The operating system manages the operation of the computer and of the application software which runs on the computer.
The definition
A simple definition of an operating system is that it is a program, much like any other program. It is different only in that its primary function is to manage the movement of data in the computer. This definition refers specifically to the kernel of the operating system.
The operating system kernel manages access to the hardware devices of the computer by utility and application programs. The operating system also manages system services such as memory allocation – the assignment of specific virtual memory locations to various programs when they request memory – the movement of data from various storage devices into memory where it can be accessed by the CPU, communications with other computers and devices via the network, display of data in text or graphic format on the display, printing, and much more.
The Linux kernel provides an API – application programming interface – for other programs to use in order to access the kernel functions. For example, a program that needs to have more memory allocated to its data structures uses a kernel function call to request that memory. The kernel then allocates the memory and notifies the program that the additional memory is available.
The Linux kernel also manages access to the CPUs as computing resources. It uses a complex algorithm to determine which processes have are allocated some CPU time, when, and for how long. If necessary, the kernel can interrupt a running program in order to allow another program to have some CPU time.
An operating system kernel like Linux can do little on its own. It requires other programs – utilities – which can be used to perform basic functions such as create a directory on the hard drive and then other program utilities to access that directory, create files in that directory, and then manage those files. These utility programs perform functions like creating files, deleting files, copying files from one place to another, setting display resolution, and complex processing of textual data. We will cover the use of many of these utilities as we proceed through this book.

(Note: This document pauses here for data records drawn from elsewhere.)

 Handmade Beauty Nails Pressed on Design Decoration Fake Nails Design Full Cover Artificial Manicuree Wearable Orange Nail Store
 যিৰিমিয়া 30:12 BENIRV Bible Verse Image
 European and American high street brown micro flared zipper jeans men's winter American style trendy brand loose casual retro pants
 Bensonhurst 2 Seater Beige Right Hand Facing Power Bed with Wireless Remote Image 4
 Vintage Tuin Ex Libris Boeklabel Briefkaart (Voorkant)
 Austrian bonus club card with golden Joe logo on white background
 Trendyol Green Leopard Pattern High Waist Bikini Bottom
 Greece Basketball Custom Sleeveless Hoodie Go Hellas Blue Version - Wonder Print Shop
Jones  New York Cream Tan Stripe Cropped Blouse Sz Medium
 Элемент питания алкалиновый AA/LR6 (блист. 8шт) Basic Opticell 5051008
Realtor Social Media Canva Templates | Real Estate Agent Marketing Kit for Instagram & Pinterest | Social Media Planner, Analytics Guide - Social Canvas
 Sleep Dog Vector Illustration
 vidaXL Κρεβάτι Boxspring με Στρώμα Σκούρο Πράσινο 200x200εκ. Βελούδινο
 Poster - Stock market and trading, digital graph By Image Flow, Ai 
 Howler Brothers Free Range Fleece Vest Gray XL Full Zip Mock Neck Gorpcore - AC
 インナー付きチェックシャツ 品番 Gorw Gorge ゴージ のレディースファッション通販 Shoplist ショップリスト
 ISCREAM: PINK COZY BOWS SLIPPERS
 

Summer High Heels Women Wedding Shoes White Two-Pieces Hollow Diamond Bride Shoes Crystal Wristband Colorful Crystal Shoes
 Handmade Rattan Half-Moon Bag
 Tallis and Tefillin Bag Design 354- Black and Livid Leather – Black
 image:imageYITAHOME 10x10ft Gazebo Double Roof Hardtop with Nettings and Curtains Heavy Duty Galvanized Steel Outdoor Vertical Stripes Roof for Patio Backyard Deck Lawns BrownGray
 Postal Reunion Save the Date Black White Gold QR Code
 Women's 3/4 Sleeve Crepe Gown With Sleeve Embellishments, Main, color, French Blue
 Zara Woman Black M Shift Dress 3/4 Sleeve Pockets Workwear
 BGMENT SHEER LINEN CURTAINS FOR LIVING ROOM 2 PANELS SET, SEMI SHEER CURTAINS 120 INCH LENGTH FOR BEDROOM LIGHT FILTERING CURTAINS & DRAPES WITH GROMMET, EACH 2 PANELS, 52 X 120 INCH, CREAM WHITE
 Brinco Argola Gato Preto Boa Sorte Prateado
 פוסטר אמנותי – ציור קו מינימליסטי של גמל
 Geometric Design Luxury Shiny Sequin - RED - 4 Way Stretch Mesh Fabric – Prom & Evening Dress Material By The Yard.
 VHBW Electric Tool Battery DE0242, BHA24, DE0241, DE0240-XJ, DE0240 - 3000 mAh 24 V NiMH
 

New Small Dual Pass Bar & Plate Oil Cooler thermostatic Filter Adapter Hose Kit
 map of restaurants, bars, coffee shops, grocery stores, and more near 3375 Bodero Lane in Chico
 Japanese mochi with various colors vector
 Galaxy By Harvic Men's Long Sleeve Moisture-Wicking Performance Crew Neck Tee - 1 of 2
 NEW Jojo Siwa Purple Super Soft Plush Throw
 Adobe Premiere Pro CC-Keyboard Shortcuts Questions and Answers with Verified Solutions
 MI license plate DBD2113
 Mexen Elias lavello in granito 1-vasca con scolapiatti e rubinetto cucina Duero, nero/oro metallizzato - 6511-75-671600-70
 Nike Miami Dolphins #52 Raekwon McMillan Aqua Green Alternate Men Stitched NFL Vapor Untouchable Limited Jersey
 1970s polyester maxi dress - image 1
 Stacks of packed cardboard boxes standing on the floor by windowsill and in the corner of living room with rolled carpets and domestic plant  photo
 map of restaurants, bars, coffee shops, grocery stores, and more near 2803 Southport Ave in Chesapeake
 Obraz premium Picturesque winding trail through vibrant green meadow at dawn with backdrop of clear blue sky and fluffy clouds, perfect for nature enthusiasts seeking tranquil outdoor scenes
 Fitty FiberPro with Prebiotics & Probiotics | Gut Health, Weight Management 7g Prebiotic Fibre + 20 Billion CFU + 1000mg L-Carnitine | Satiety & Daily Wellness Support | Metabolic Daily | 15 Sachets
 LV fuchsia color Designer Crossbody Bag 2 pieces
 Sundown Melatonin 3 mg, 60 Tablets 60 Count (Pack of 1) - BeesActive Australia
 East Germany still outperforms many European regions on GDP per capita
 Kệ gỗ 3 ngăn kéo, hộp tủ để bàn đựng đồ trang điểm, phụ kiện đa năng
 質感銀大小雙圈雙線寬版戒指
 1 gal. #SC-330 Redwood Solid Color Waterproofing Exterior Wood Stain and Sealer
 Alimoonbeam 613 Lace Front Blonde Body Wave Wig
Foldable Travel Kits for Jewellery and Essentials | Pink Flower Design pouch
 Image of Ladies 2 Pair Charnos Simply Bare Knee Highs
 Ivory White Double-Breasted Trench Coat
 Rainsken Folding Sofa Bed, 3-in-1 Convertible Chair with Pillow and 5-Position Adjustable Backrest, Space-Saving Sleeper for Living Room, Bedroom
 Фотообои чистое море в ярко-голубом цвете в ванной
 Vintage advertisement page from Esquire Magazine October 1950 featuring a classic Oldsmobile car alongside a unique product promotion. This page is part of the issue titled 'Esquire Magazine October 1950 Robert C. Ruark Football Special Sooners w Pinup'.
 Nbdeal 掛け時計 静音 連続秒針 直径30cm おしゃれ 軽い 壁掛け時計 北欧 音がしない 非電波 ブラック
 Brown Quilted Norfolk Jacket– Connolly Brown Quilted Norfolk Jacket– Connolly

Typical operating system functions
Any operating system has a set of core functions which are the primary reason for its existence. These are the functions that enable the operating system to manage itself, the hardware on which it runs, and the application programs and utilities that depend upon it to allocate system resources to them:
- Memory management
- Managing multitasking
- Managing multiple users
- Process management
- Interprocess communication
- Device management
- Error handling and logging
Let’s look briefly at these functions.
Memory management
Linux and other modern operating systems use advanced memory management strategies to virtualize real memory – random access memory1 (RAM) and swap memory (disk) – into a single virtual memory space which can be used as if it were all physical RAM. Portions of this virtual memory2 can be allocated by the memory management functions of the kernel to programs that request memory.
The memory management components of the operating system are responsible for assigning virtual memory space to applications and utilities, and for translation between virtual memory spaces and physical memory. The kernel allocates and deallocates memory and assigns physical memory locations based upon requests, either implicit or explicit, from application programs. In cooperation with the CPU, the kernel also manages access to memory to ensure that programs only access those regions of memory which have been assigned to them. Part of memory management includes managing the swap partition or file and the movement of memory pages between RAM and the swap space on the hard drive.
Virtual memory eliminates the need for the application programmer to deal directly with memory management because it provides a single virtual memory address space for each program. It also isolates each application’s memory space from that of every other, thus making the program’s memory space safe from being overwritten or viewed by other programs.
Multitasking
Like most modern operating systems Linux can multitask. That means that it can manage two, three, or hundreds of processes at the same time. Part of process management is managing multiple processes that are all running on a Linux computer.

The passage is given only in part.